Pour bien fourvoyer la communauté internationale, ce conflit secret est dissimulé par les autorités communistes, avec l’élaboration d’un projet pilote d’écotourisme dans la province de Luang Prabang. Celui-ci consiste à faire découvrir aux tourismes les traditions de la communauté Hmong du village de la montagne coupée, et ce, sous la formule « bed and breakfast », donc les gens arrivent dans le village, les familles sont dans l’obligation de les nourrir et de les loger pendant une ou deux nuits.

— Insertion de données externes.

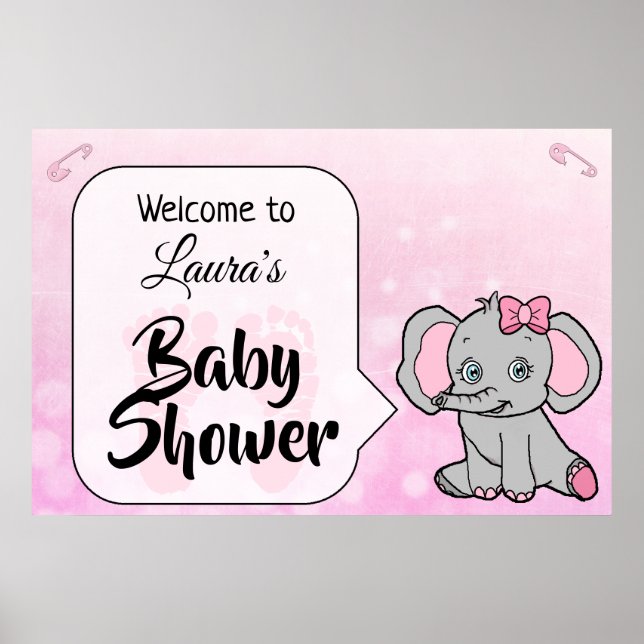Affiche Bienvenue Elephant Thème Baby shower bannière (Devant)
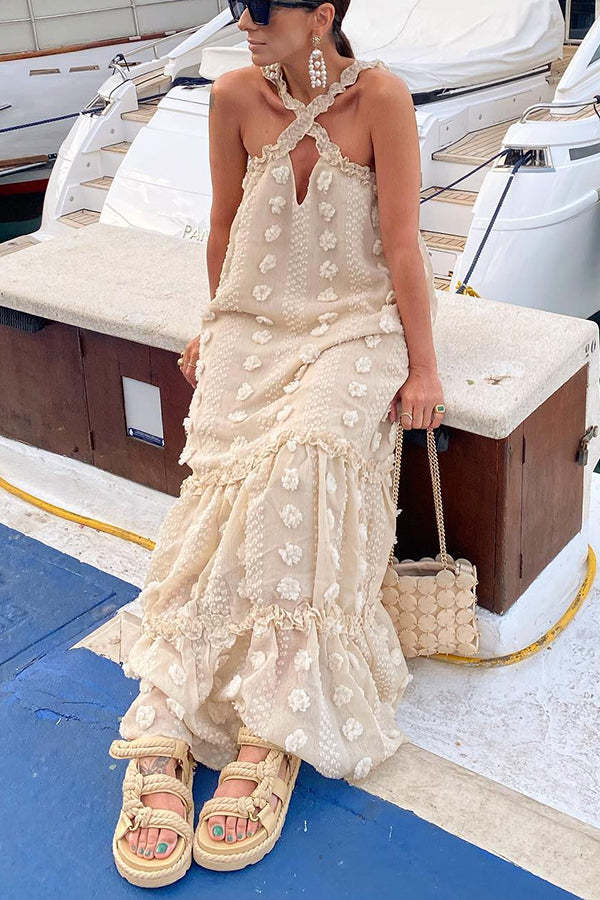 Sweet By The Sea Flower Decor Halter Party Maxi Dress-consonak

Le chef du village a dû accepter le projet étant donné la situation économique médiocre du village et la coopération avec le gouvernement les a sauvé des persécutions. Évidemment, les études sur le sujet dévoilent que les répercutions sociologiques de l’écotourisme sur le village à la montagne coupée sont négatifs, car les Hmongs « doivent composer avec des règles qui ne sont pas les leurs [et] un système tout entier leur est imposé »[3]. De plus, l’industrie de l’écotourisme provoque malgré tout la détérioration de leur culture, une preuve étant qu’ils doivent maintenant rester sédentaires alors qu’ils étaient nomades. En bref, malgré le fait que le projet d’écotourisme du gouvernement laotien ait favorisé le progrès économique du village Hmong de la montagne coupée, il amène aussi l’occidentalisation de leur culture et il n’est qu’un prétexte pour détourner l’attention de la communauté internationale sur les actions de persécutions portées sur la majorité de la communauté Hmongs ailleurs dans le pays.

Bibliographie

Baumann, Gerd et André Gingrich. 2004. Grammars of identity/alterity. New York : Berghahn Books.

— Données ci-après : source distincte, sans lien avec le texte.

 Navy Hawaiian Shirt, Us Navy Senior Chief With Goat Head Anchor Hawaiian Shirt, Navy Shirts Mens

Bourque, Sophie. 2007. Les Hmongs de Luang Prabang : acteurs du développement de l’écotourisme au village de la montagne coupée. Mémoire de maitrise. Département d’anthropologie. Université de Montréal.

Culas, Christian. 2005. Le messianisme hmong aux XIXe siècles : la dynamique religieuse comme instrument politique. Paris : Éditions de la Maison des sciences de l’homme.

« Le triste destin de certains Hmongs du Laos ». 2005. http://www.agoravox.fr/actualites/international/article/le-triste-destin-de-certains-4467 (page consultée le 12 novembre 2009)

Warner, Roger. 2009. « Pour les Hmongs, la guerre du Vietnam n’est pas finie » Courrier international, No 995. 19 février, 38-9.

2007. Voyage Forum. En Ligne. http://voyageforum.com/voyage/le_genocide_hmongs_au_laos_D1291043/ (page consultée le 15 novembre 2009)


[1] Baumann, Gerd et Andre Gingrich, Grammars of identiy/alterity (New York : Berghabn Books, 2004), 106.

[2] http://voyageforum.com/voyage/le_genocide_hmongs_au_laos_D1291043/

[3] Sophie Bourque, « Les Hmong de Luang Prabang : acteurs du développement de l’écotourisme au village de la montagne coupé », Mémoire de thèse no GN 4 U45 (Montréal : Département d’anthropologie, CREDIT, Université de Montréal, 2007).